Problem details =
In the records below, repeat word for word only the lines starting at the one that contains "Irish Setters: The Elegant Red Athlete" and ending at the one that contains "Macadamia & Sugarcane", pictures excluded.

Data extracts =
*** Block opens ***
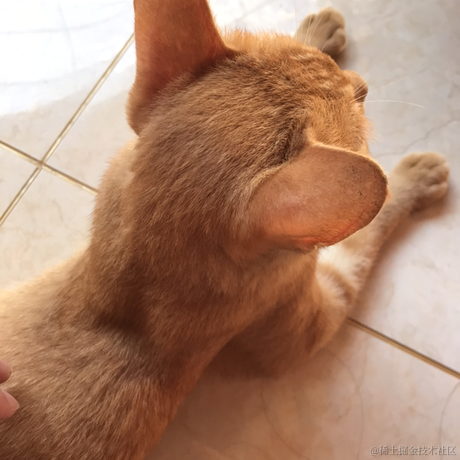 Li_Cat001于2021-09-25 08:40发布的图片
*** Block closes ***
*** Block opens ***
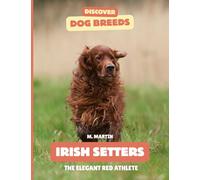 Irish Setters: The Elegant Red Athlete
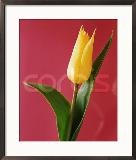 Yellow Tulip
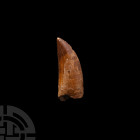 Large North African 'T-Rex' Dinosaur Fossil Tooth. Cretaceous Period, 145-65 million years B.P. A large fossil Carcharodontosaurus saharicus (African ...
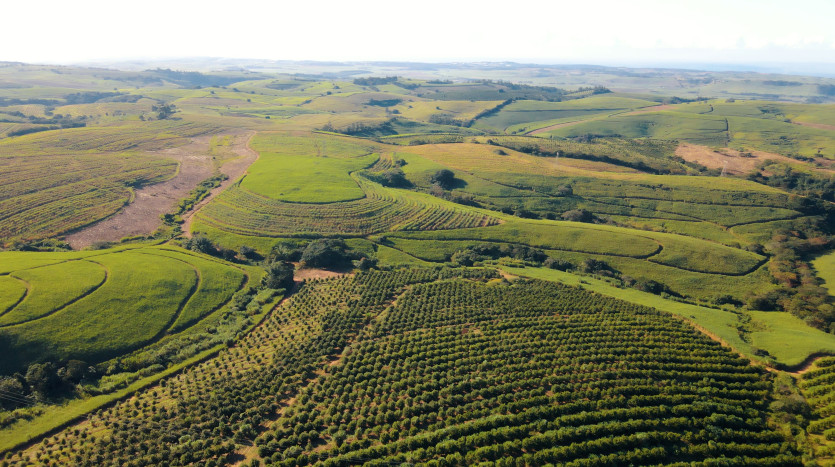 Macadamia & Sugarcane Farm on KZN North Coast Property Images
*** Block closes ***
*** Block opens ***
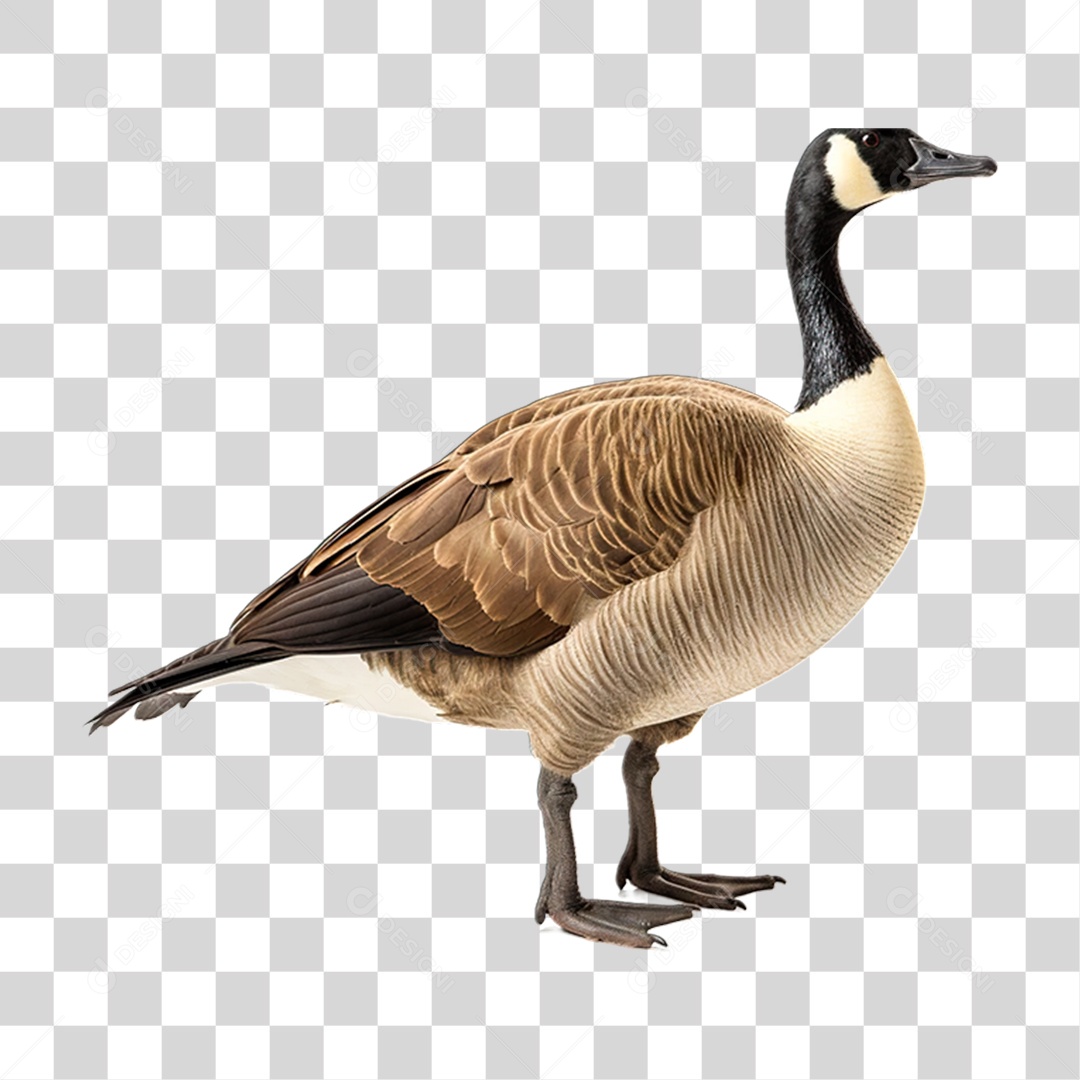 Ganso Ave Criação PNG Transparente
*** Block closes ***
Finished task =
 Irish Setters: The Elegant Red Athlete
 Yellow Tulip
 Large North African 'T-Rex' Dinosaur Fossil Tooth. Cretaceous Period, 145-65 million years B.P. A large fossil Carcharodontosaurus saharicus (African ...
 Macadamia & Sugarcane Farm on KZN North Coast Property Images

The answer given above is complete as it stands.